According to a recent cost analysis, it would appear that the next-generation space telescope that the American space agency is building will cost some $1.5 billion more than originally estimated. The panel that conducted the study says that the planned launch date will also slip further away, by 15 months minimum.

The findings belong to an independent review panel, which was called into action by US Senator Barbara Mikulski (D-Md.), to check up on what was happening with the soaring costs and management issues that plagued the development of the James Webb Space Telescope (JWST).

The instrument is the most complex observatory to ever fly, and it was designed specifically to take the place of the famous Hubble Space Telescope. As such, it has some pretty big shoes to fill, and NASA wanted to create the very best tool, that would incorporate the most ground-breaking capabilities.

“The Webb telescope will now cost $6.5 billion, $1.5 billion more than the estimate included in NASA's February 2010 budget request. Its launch will be delayed by over a year, from June 2014 to September 2015,” said the senator in a letter sent to NASA Administrator Charles Bolden.

Mikulski sent the document on November 10, after carefully reviewing the independent report, which she received on October 29, Space reports. The JWST development effort is being led by teams at the NASA Goddard Space Flight Center, in Greenbelt, Maryland.

The soaring costs associated with constructing this machine are perhaps better understood when considering its size and capabilities. It will feature a five-layer sunshield unlike anything built before. The shield will be foldable, and will cover about the surface of a tennis court.

Its primary instrument will be a 6.5-meter foldable mirror, which will contain numerous smaller segments. Each of them needs to be polished within a degree of accuracy that was never achieved before on a space observatory.

Redondo Beach, California-based Northrop Grumman was selected as the prime contractor for the construction of the JWST, which is being assembled at Goddard. The European Space Agency (ESA) is involved in the project as well, as it will be providing the Ariane 5 heavy-lift delivery system needed to take the JWST to a transfer orbit.

The observatory will then deploy at the L2 Lagrangian point, which is a spot at a very precise location away from Earth where it will remain in the same relative position from the Sun-Earth-Moon system.

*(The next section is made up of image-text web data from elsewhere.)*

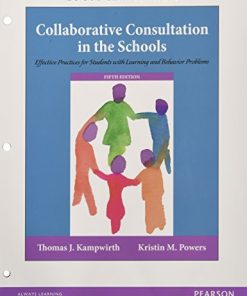 Collaborative Consultation in the Schools Effective Practices for Students with Learning and Behavior Problems 5th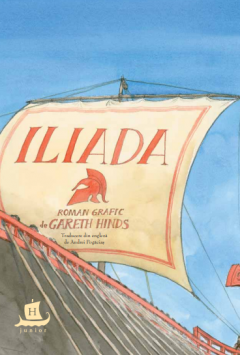 Iliada - Roman grafic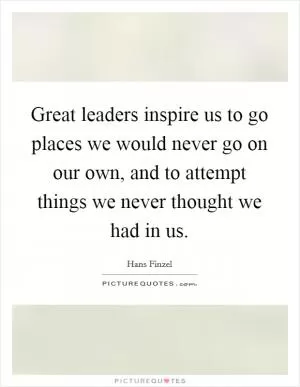 Great leaders inspire us to go places we would never go on our own, and to attempt things we never thought we had in us Picture Quote #1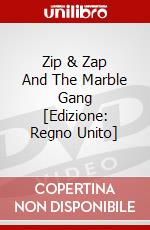 Zip & Zap And The Marble Gang [Edizione: Regno Unito] dvd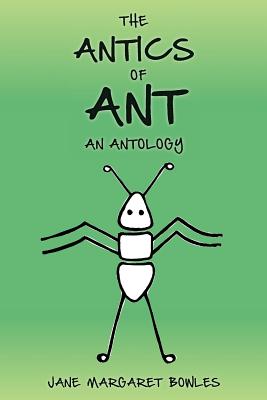 The Antics of Ant: An Antology - LaChance, Andre (Editor), and Bowles, Jane Margaret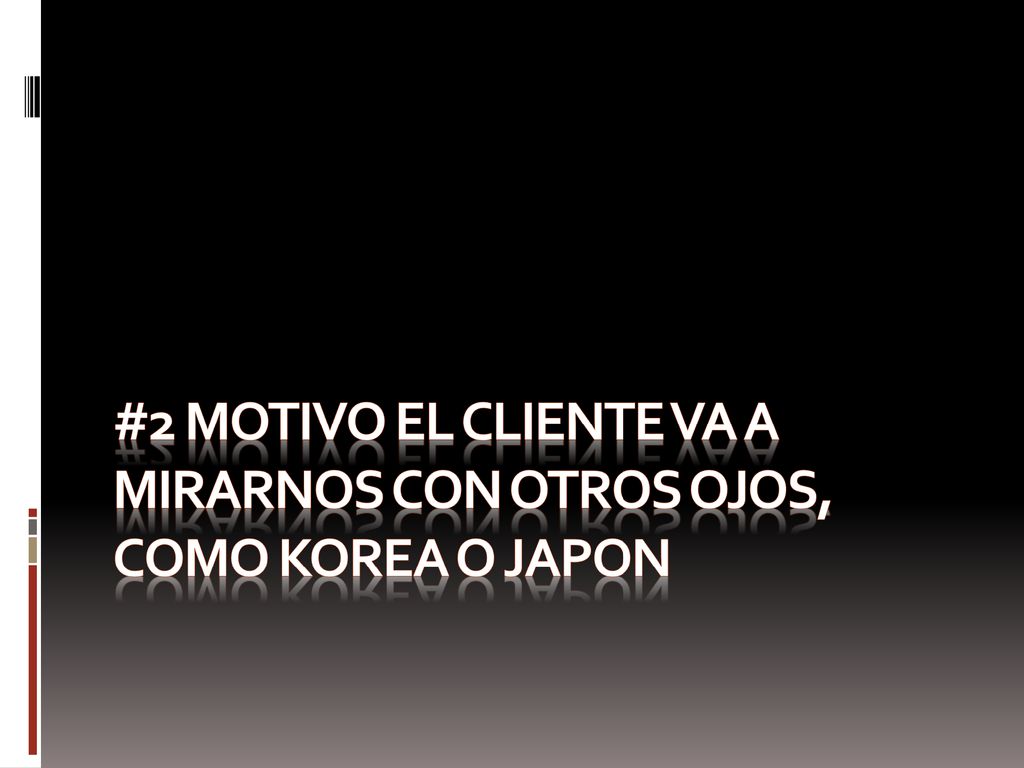 #2 Motivo el cliente va a mirarnos con otros ojos, como Korea o Japon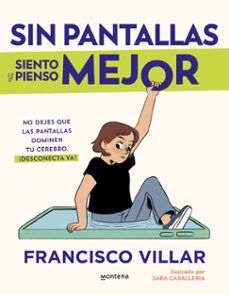 SIN PANTALLAS SIENTO Y PIENSO MEJOR (MONTENA)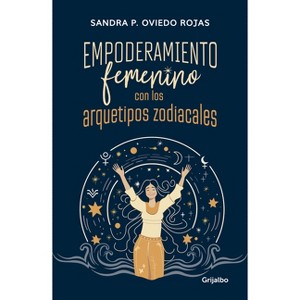 Empoderamiento Femenino Con Los Arquetipos Zodiacales / Female Empowerment Throu Gh Archetypes of the Zodiac - by  Sandra Patricia Oviedo (Paperback) - 1 of 1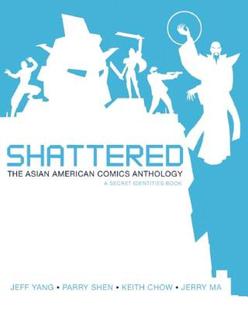 The Shattered Asian American Anthology Comics 预售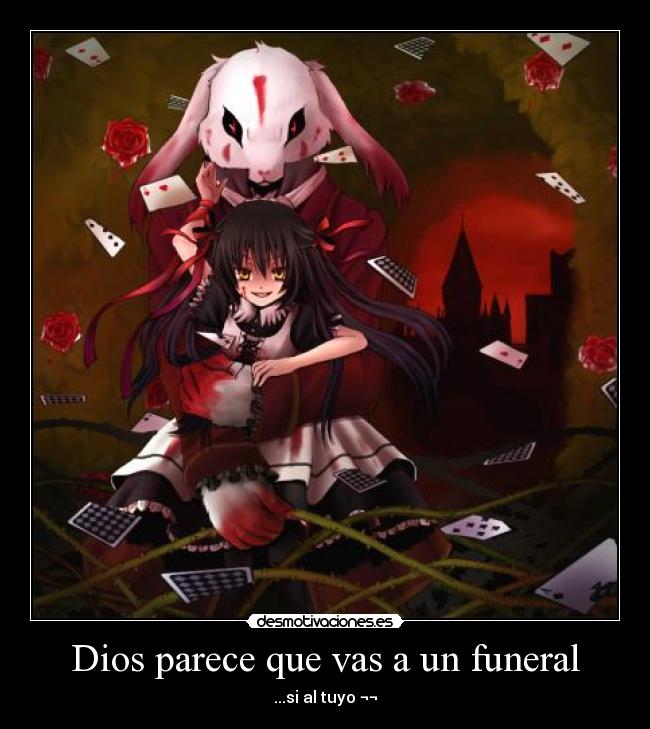 Dios parece que vas a un funeral - ...si al tuyo ¬¬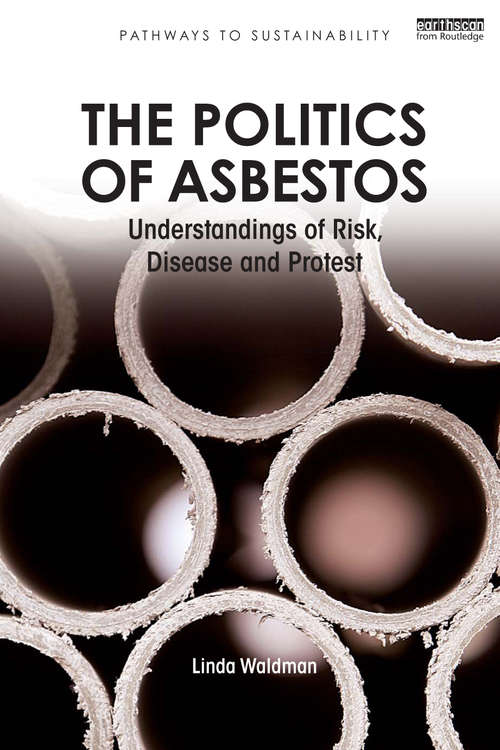 Book cover of The Politics of Asbestos: "Understandings of Risk, Disease and Protest"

Once there, it will deploy its sunshield to avoid any stray light penetrating its detectors.

Until then, however, Mikulski instructed Bolden to patch things up in JWST upper management, and to streamline the production process. “We cannot afford to continue with business as usual in this stark fiscal situation,” she said.

The independent review panel calls the technical progress made by the JWST team as “commendable and often excellent,” but stress that issues arise on account of “budgeting and program management, not technical performance.”